According to the research team, it is 23% more accurate than existing systems
A model artificial intelligence that can directly translate speech from one language to another was created by a research team of the American technology company Meta.
Most existing machine learning translation systems are text-oriented or involve multiple steps, namely speech recognition, text-to-text translation, and text-to-speech conversion. Furthermore, the language coverage in existing speech-to-speech models falls short of that of text-to-text models.
In an effort to address these limitations, the new model, called SEAMLESSM4T, does instant translations for up to 101 languages and may pave the way for fast translations, according to the journal publication. Nature.

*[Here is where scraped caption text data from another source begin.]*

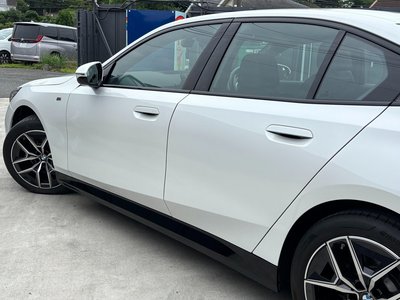 2025 BMW 5 SERIES 缩略图 56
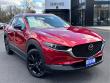 2025 Mazda CX-30 2.5 S Select Sport SUV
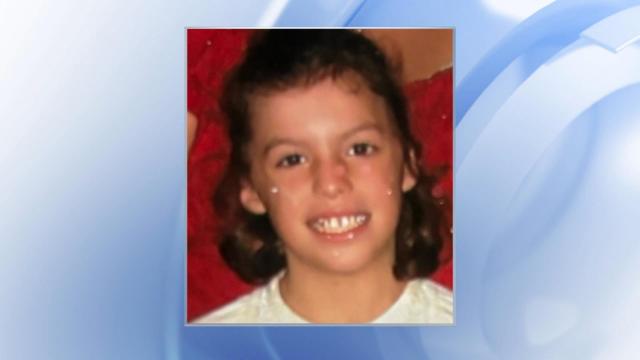 Police said London Deven was last seen in 2019 in Fayetteville. This photo from about 2007 was taken when she was about 12 years old. Photo courtesy of the Fayetteville Police Department.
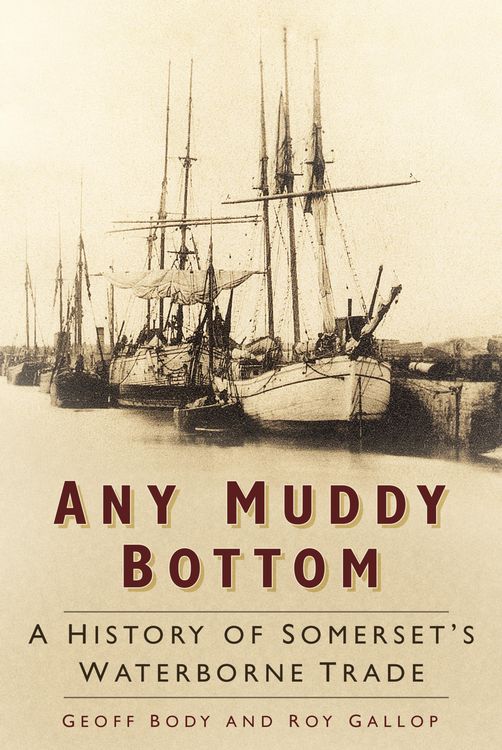 Produktbild: Any Muddy Bottom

In particular it can do speech-to-speech translation by recognizing 101 languages and translating in 36, speech-to-text translation (101 languages in 96), text-to-speech translation (96 languages in 36), text-to-text translation (96 languages) and automatic speech recognition (96 languages). According to the research team, for speech-to-speech translation SEAMLESSM4T translates with up to 23% more accuracy than existing systems.

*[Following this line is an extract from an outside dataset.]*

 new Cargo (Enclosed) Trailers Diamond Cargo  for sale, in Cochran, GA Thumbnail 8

In a companion article commenting on the research in the same journal, associate professor at Tallinn University of Technology in Estonia, Tanel Alume, notes that the biggest virtue of this model is the fact that all the data and code to run and optimize the technology are publicly available. However, he sees that some obstacles remain, such as limited language translation or the difficulty of translating conversations in noisy places or between people with strong accents, which human translators handle more easily.

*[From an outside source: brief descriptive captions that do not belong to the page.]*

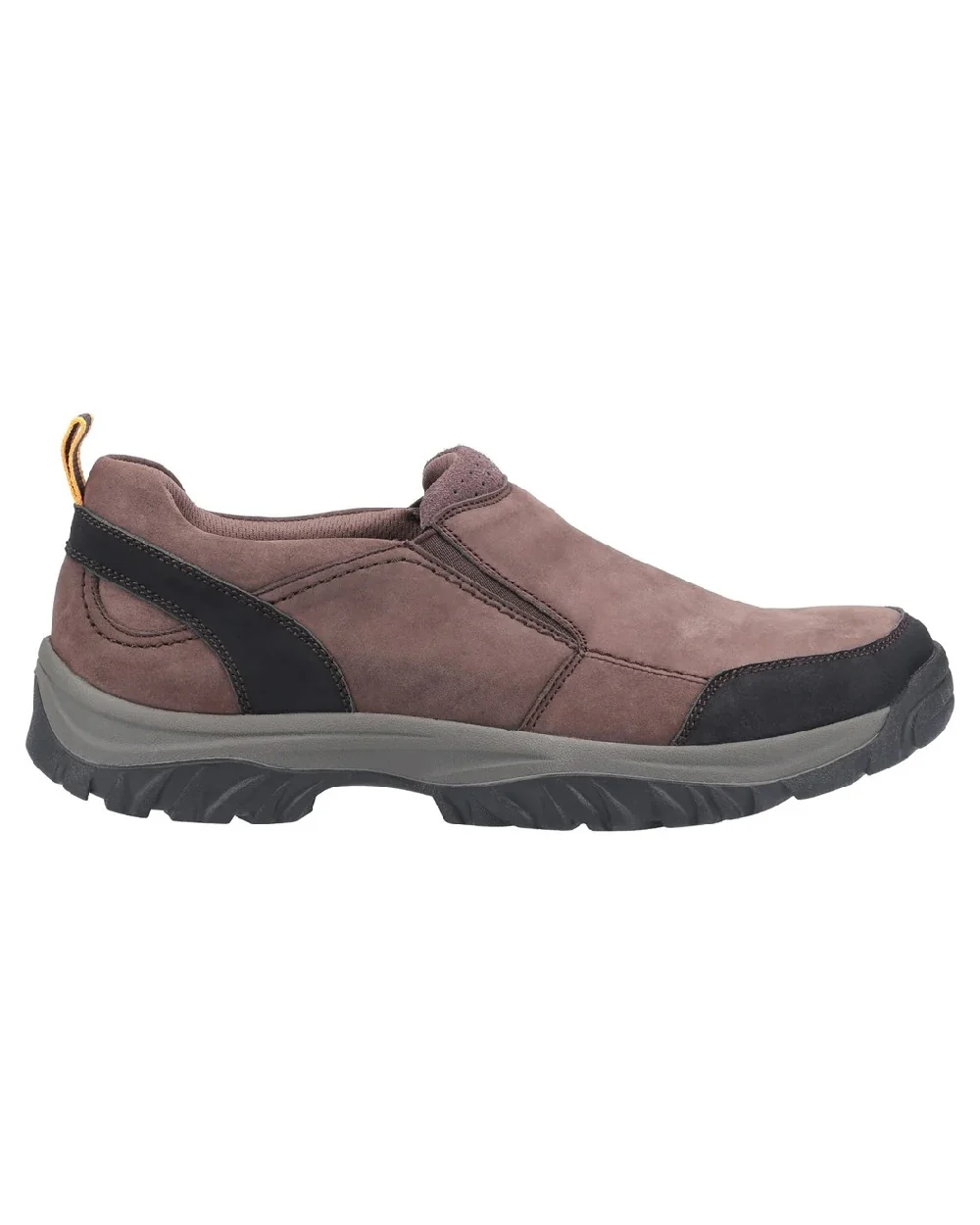Cotswold Boxwell Hiking Shoes - Image 4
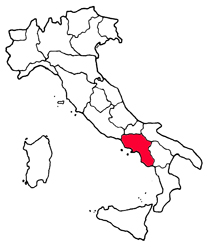 Campania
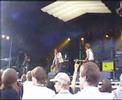 GST cardinals Live east park-Get Back
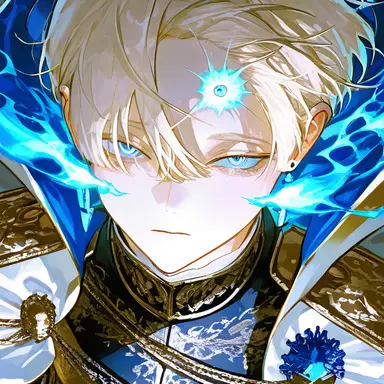 Profile image of ルシアン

Alison Keneke, an assistant professor in Cornell University’s Department of Computer Science, said it was interesting that the researchers quantified the toxic, harmful or offensive language that translations might introduce and looked for any gender bias the model might produce. in translations. “While speech technologies may be more efficient and cost-effective at transcribing and translating than humans (who are also prone to biases and errors), it is imperative to understand the ways in which these technologies fail, disproportionately for certain demographics,” he notes.